Exclude the pictures, then quote exactly the lines from the one holding "Anna hotchkis roses" through the last line of the records.
- Opening Delimiter -
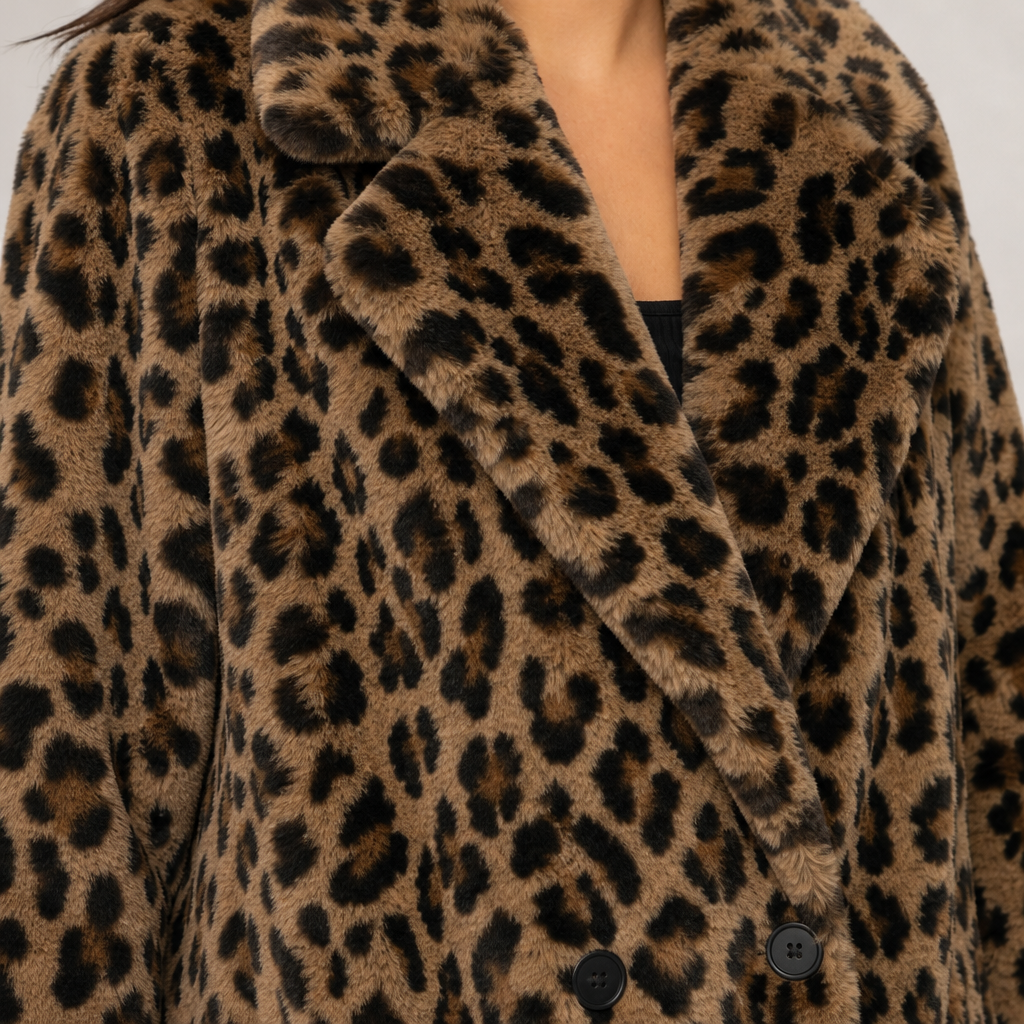 Women's faux fur leopard print coat with long lapel collar in brown leopard – detail close-up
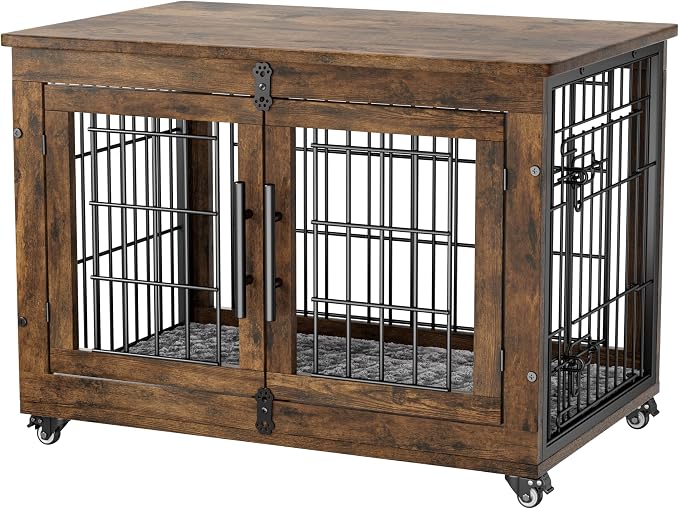 YaFiti Dog Crate Furniture, 32.5” Wooden Indoor Dog Kennel, Rustic Brown | Cushion, Wheels, Double Doors, Furniture Style, Side End Table, Decorative Pet Cage House, Up to 45 lb, for Small/Medium Dogs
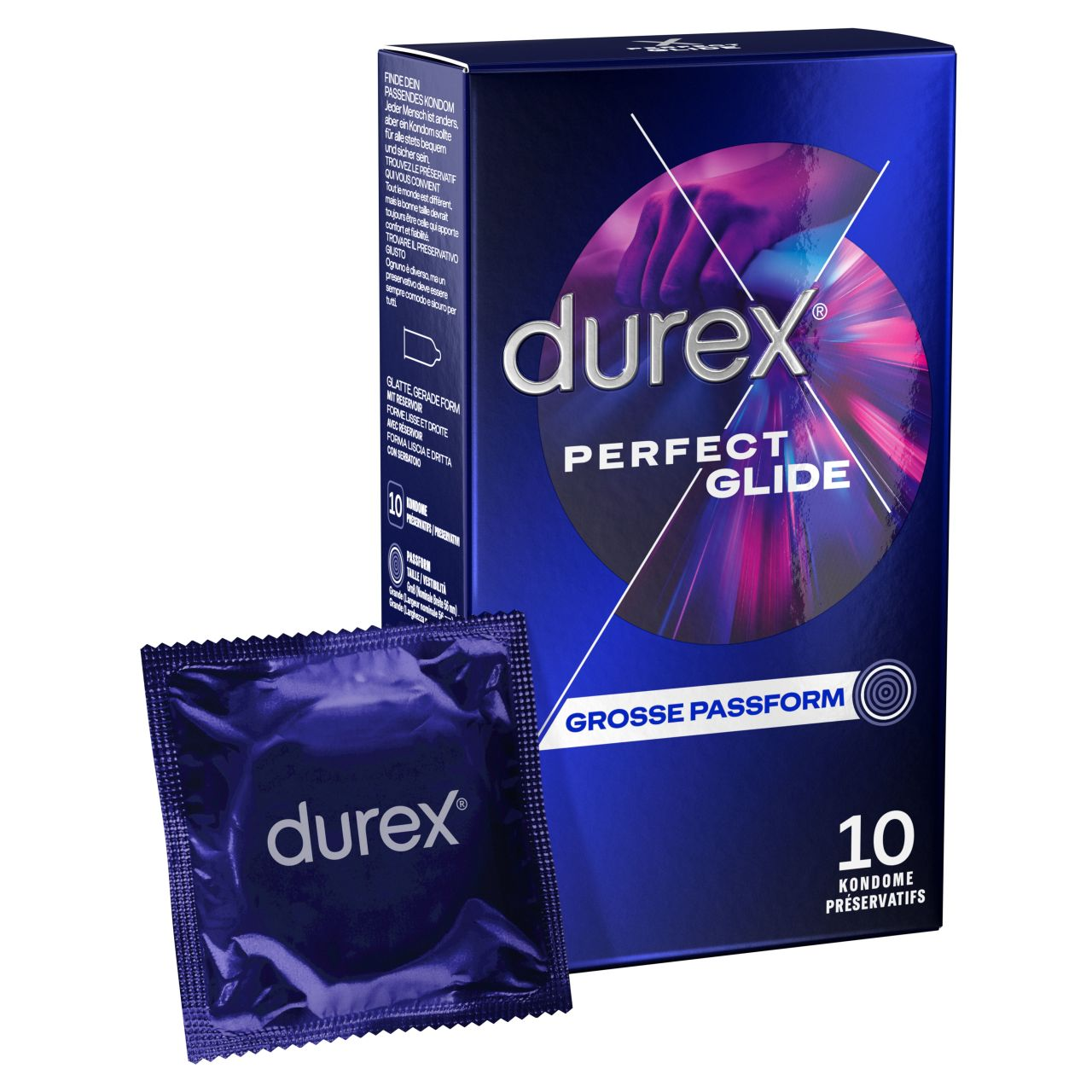 Ein Durex Perfect Glide Kondom in Blisterpackung neben einer Packung.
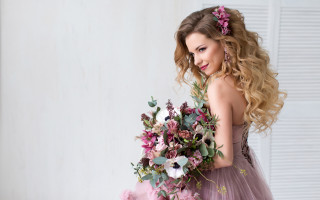 Anna hotchkis roses bouquet dress - a woman in a dress holding free wallpaper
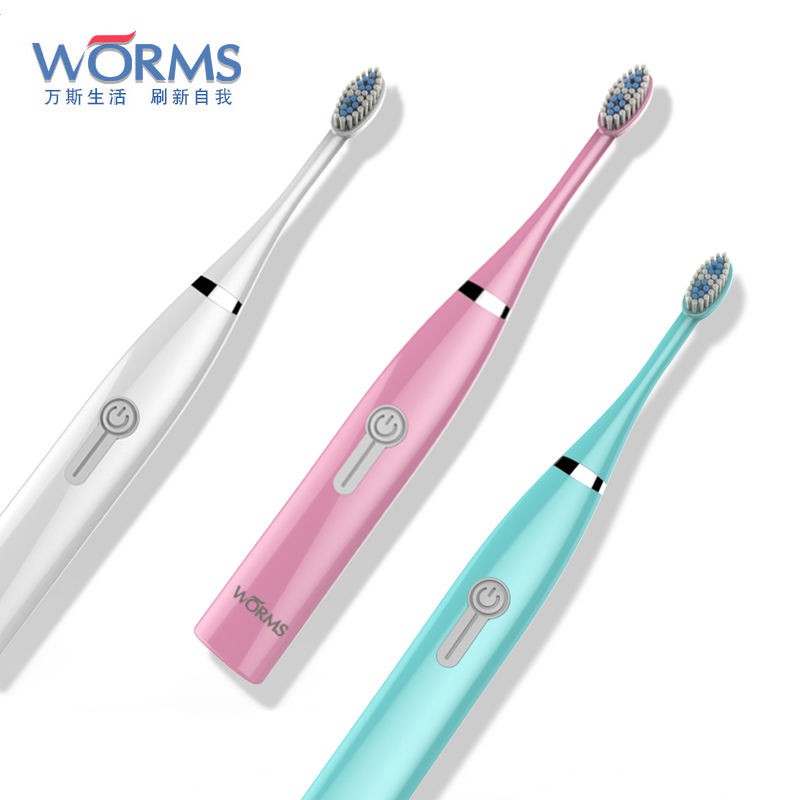Bộ bàn chải đánh răng Worms 2 đầu thay thế, bàn chải răng massage Toothbrush, bàn chải điện thông minh tự động rung, bàn chải răng nam nữ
- Closing Delimiter -
PROBLEM SOLUTION
 Anna hotchkis roses bouquet dress - a woman in a dress holding free wallpaper
Bộ bàn chải đánh răng Worms 2 đầu thay thế, bàn chải răng massage Toothbrush, bàn chải điện thông minh tự động rung, bàn chải răng nam nữ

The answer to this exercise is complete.